Harlequins, who came within a late drop goal of cheating their way into last season's Heineken Cup semi-finals, will be permitted to play in the forthcoming tournament — the most prestigious in world rugby — despite further damaging revelations yesterday of their penchant for fake blood capsules and elaborate cover-ups.
They are not out of the woods yet, however. Heineken Cup officials will reconvene next week to decide whether to throw them out of future competitions.
Meanwhile, the Rugby Football Union, which governs the game in England, is preparing to begin its own investigation into Quins' crimes and misdemeanours.

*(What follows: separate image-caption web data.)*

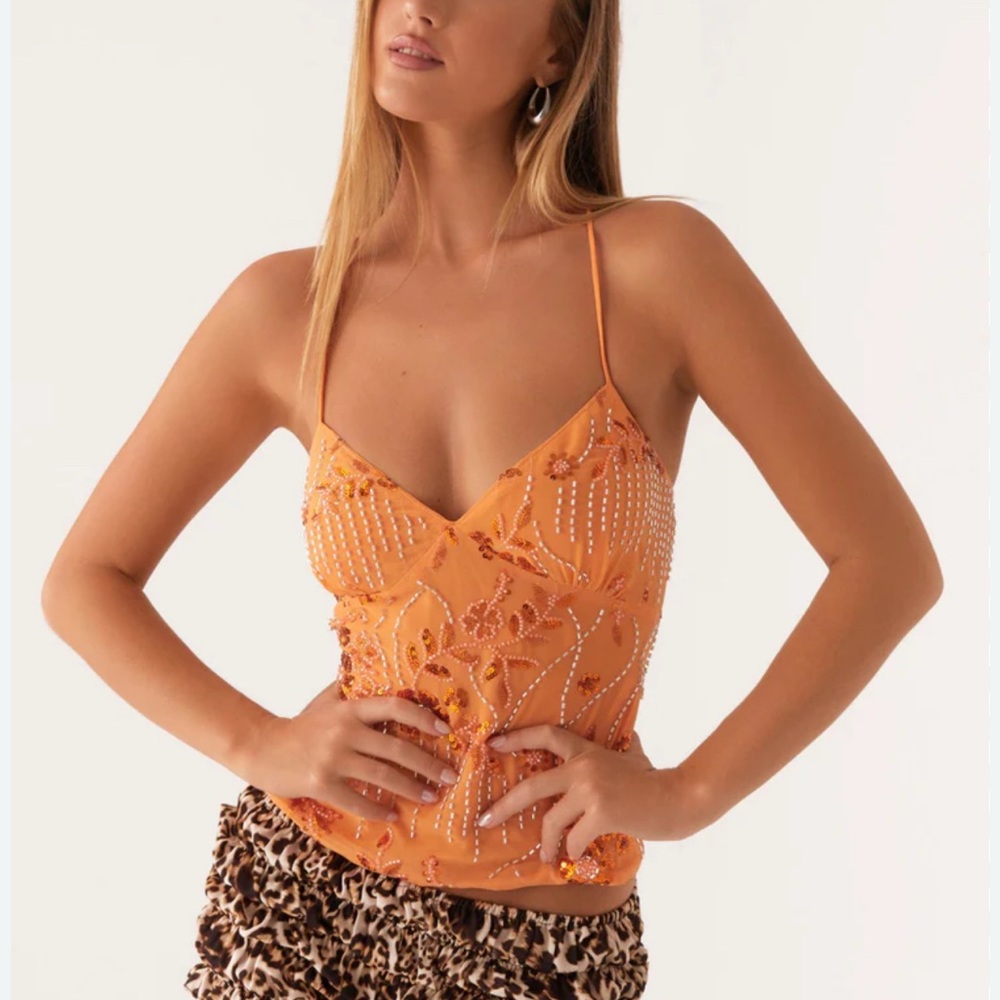 Peppermayo Orange Beaded Cami Top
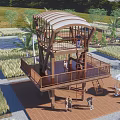 Modern Watchtower Viewing Platform Viewing Tower Platform Viewing Tower Mountain Wooden Plank Road Thatched House Village Corridor Viewing Tower 3d model
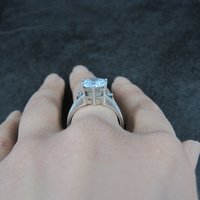 Vintage Sterling Diamonique Cz Ring Sizes 8 and 9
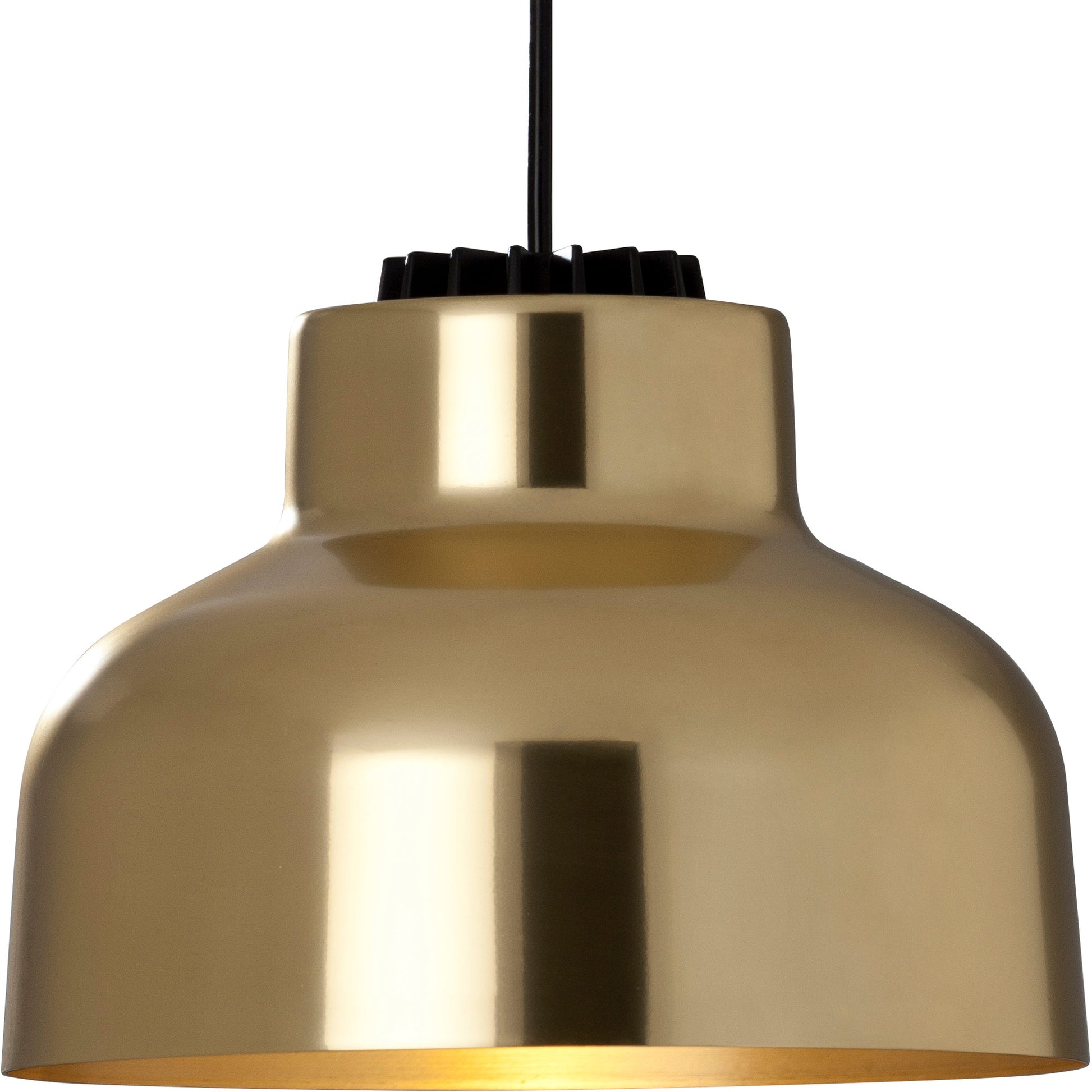 Santa & Cole M64 LED pendant lamp in polished brass finish for modern living spaces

Even if the Heineken Cup organisers, European Rugby Cup Ltd, stop short of banning the Londoners from the 2010/11 competition, it is possible that the RFU will refuse to nominate them as one of the English contingent.
At yesterday's meeting in Dublin, the board members “saw no reason to interfere with the participation of Harlequins” in this season's elite tournament, which begins next month and presents them with a series of high-profile fixtures against the likes of Toulouse and Cardiff Blues. Accepting the decision of an independent appeal panel to fine the club £260,000, they were acutely conscious of the difficulties of omitting a team so close to the start of the competition, with sponsorship, broadcasting and travelling supporters' arrangements already in place.

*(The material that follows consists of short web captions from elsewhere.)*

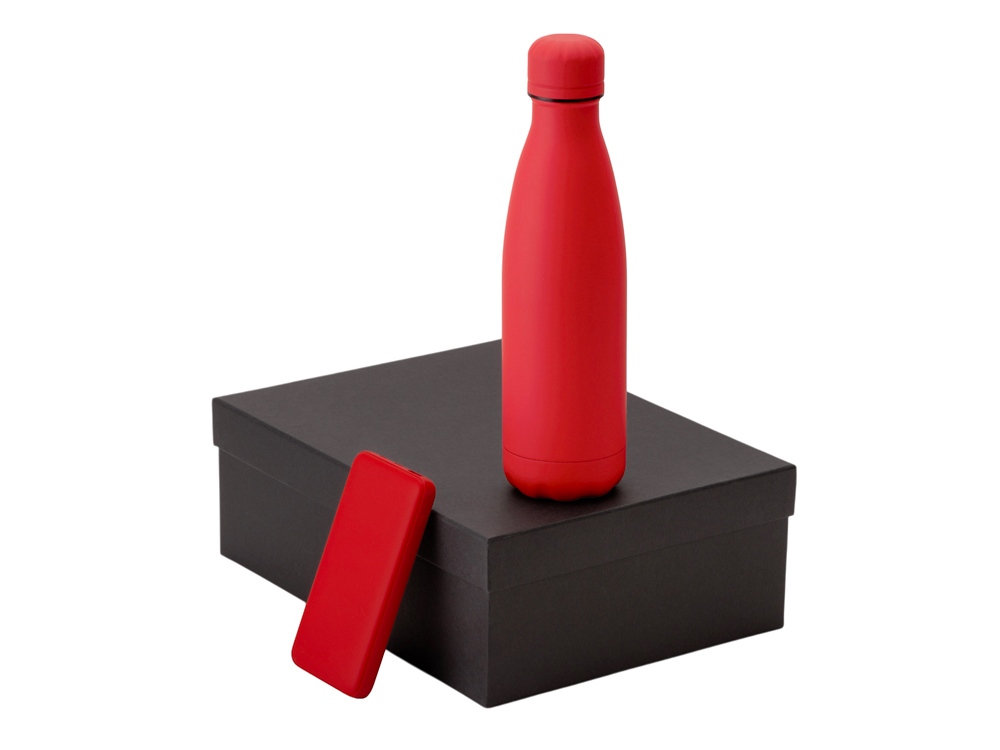 Подарочный набор с термобутылкой и повербанком С2, красный-0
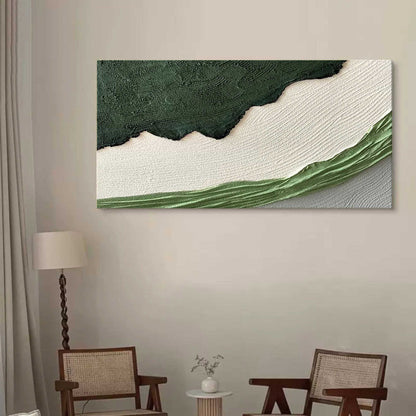 Abstract Green and White Textured Oil Painting for Modern Home Decor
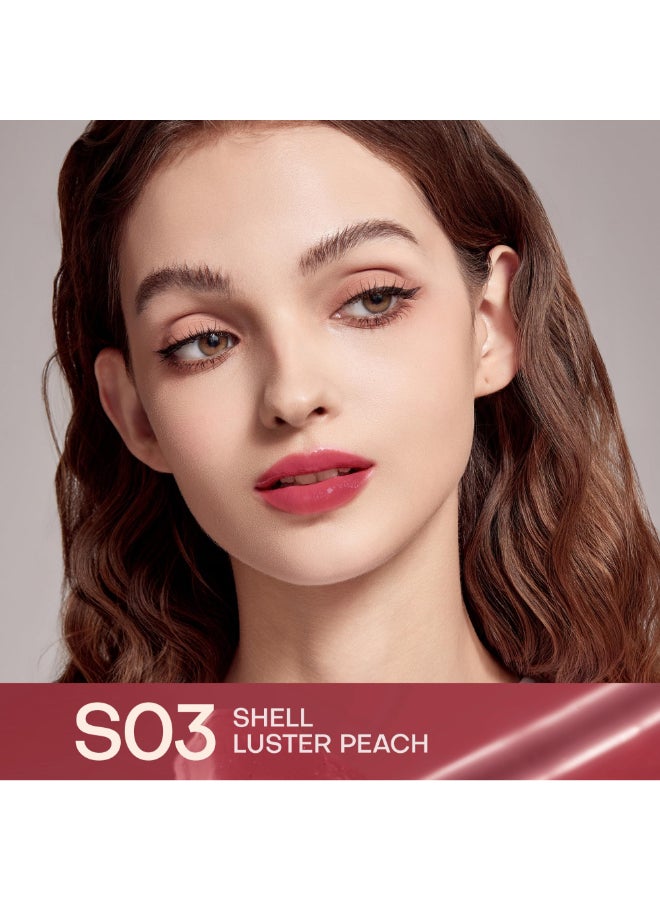 Mistine Lipstick Thai Latte Sheer Aqua Rouge Flowing Plumping for Women Nonsticky Hydrating Creamy Finish S03 Shell Luster Peach 35g1 Count - Image 4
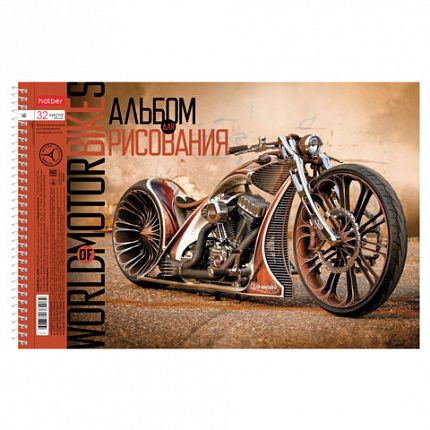 Альбом для рисования А4 32 л., спираль, обложка картон, HATBER, 198х300 мм, "Мото" (5 видов), 074763, 32А4Всп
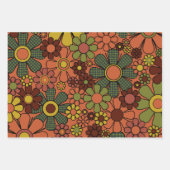 レトロガーデンギンガムフラワーズ70sヴィンテージフローラ ラッピングペーパーシート (正面3)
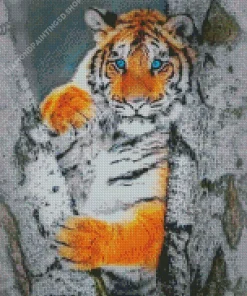Blue Eyed Tiger Diamond Painting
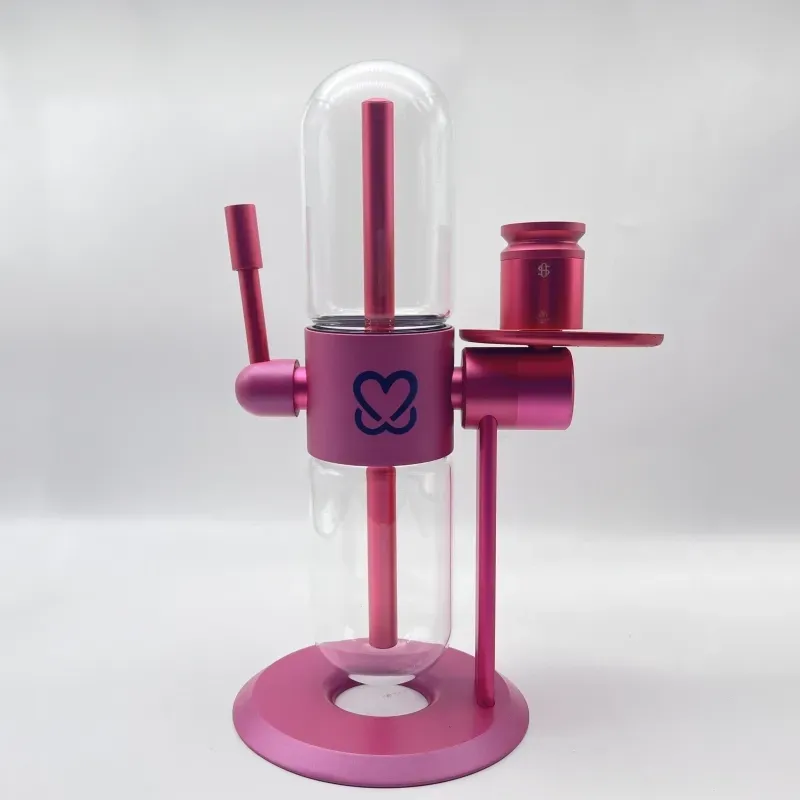 Nya rosa vattenpipa anpassade 360 ​​roterande aluminiumlegering glas gravitation bong bong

But investigations will continue, with both ERC and RFU officials taking a microscopic look at the actions of senior Harlequins figures implicated in the cover-up. This aspect of the case has yet to be considered by any disciplinary panel. If and when it is, the consequences could be serious.
Eight days after the publication of the Tom Williams dossier — full details of the panel's judgement in the case of the 25-year-old wing who bit on a blood capsule at the behest of his director of rugby, the former England No 8 Dean Richards, as part of an illicit substitution ruse, and then spilled the beans — another 100-page sporting blockbuster landed with a sickening thud on the doorstep of Quins' home in Twickenham.
The document dealt with ERC's appeals against the initial acquittals of Richards and the physiotherapist Steph Brennan, both of whom lied to the original disciplinary panel, and against the leniency of the punishment dished out to the club.
Richards, in particular, was roundly savaged as the “directing mind” of the affair. But the club itself was also heavily criticised by Max Duthie, the solicitor representing ERC. “The club either demonstrated a clear determination to lie or decided to bury its collective head in the sand,” he said, urging the appeal panel to eject Quins from the forthcoming Heineken Cup. “The introduction of the new evidence reveals thatit was a conspiracy. We now also know that this was the last incident in a pattern of offending of this nature, which puts the club's conduct in a more revealing light.”
The document detailed Richards' evidence, including an admission of previous attempts to con officials with fake blood — in one case, an unnamed player mucked up the master plan by accidentally swallowing the capsule — and his staunch refusal to identify those implicated in the scams. Richards, who resigned last month before receiving a three-year suspension from all rugby worldwide, also owned up to “tweaking” statements by Williams and Brennan, who handed the player the capsule during the closing minutes of the narrow defeat by Leinster.
It appears that “Bloodgate” has a long way to run, with the actions of Charles Jillings, who resigned as Harlequins chairman last week, and the chief executive Mark Evans now moving to the top of the agenda. Williams claimed both men put him under pressure not to threaten the club's position by making a full disclosure.